Sam Ladner, a sociologist working in tech, compared her role to the Greek myth of Cassandra, who warned that soldiers were inside the Trojan Horse. No-one believed her, she became an outcast, and ultimately she was murdered. But she was right.
Being a human-centred practitioner in a tech environment can sometimes feel like this. You can reveal the truth. But what if it is not what your colleagues want to hear?
If you are lucky, they may simply ignore it. If you are unlucky, your colleagues may shoot the messenger. Confirmation bias is powerful.
But organisations that won’t face the truth are doomed. Tech companies have been feeling that recently.
People just want their needs met
Blockbuster Video could have bought Netflix in 2000, but instead went bankrupt in 2010. Kodak invented the digital camera in 1975, but refused to pursue it because its business was selling film.
Most of us know these examples. But history is a wheel, so it needs repeating.
Like Wile E Coyote, these companies didn’t see themselves running off a cliff edge until it had already happened.
Right now, big tech companies are scuttling their feet and failing to find traction.
As I have written before, the technology turns out to be almost irrelevant:
People just want the most convenient way to meet their need. Fixating on technology makes [organisations] miss this simple idea.
The history of business is littered with firms that failed, because they failed to adapt, because they failed to understand people.

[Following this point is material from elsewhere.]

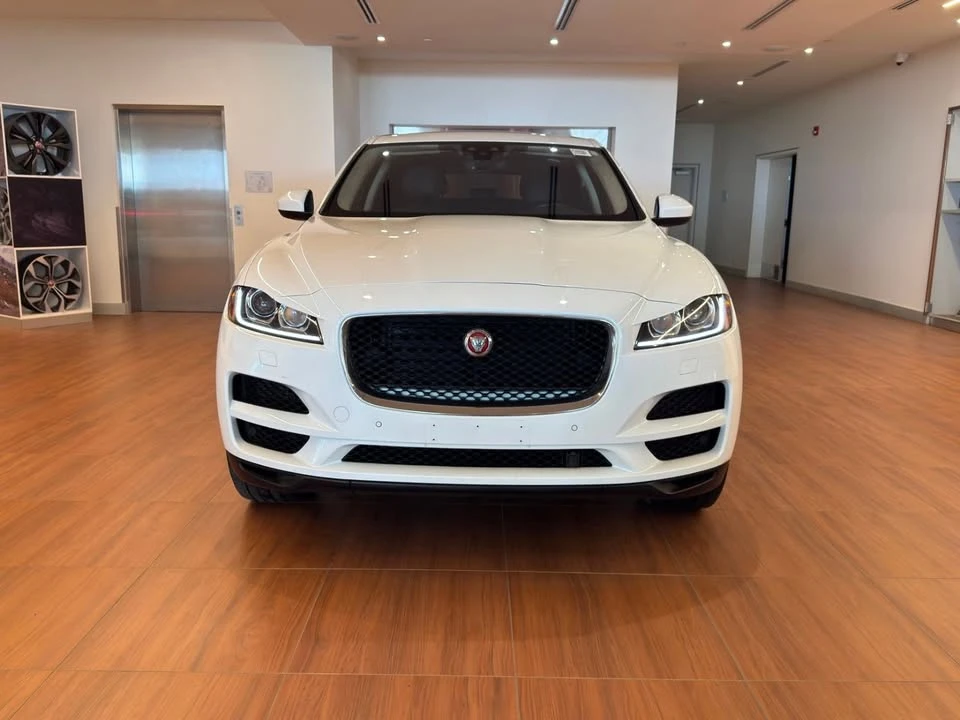 2019 Jaguar F-Pace - Image 2 of 20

How to understand people better
Luckily, we have tools to connect organisations to the human needs they must serve. Carrying out research with people goes a long way.
But human-centred practitioners needn’t be mere bearers of bad news. There are ways we can make our insights speak to the needs of the business.
For example, the jobs to be done framework can help organisations break free of existing assumptions about human behaviour that just so happen to suit their current business models and technological capabilities. It can shine a light on new opportunities.
You can think in terms of pace layers to connect to the underlying needs that humans have. User stories connect our code to user needs. Jobs to be done connects those user needs to people’s real life goals.
Understanding more about people helps us adapt to what humanity really needs. Connecting that to our technological capabilities helps us make that a business success. That way organisations can avoid being tomorrow’s Blockbuster or Kodak — or Meta.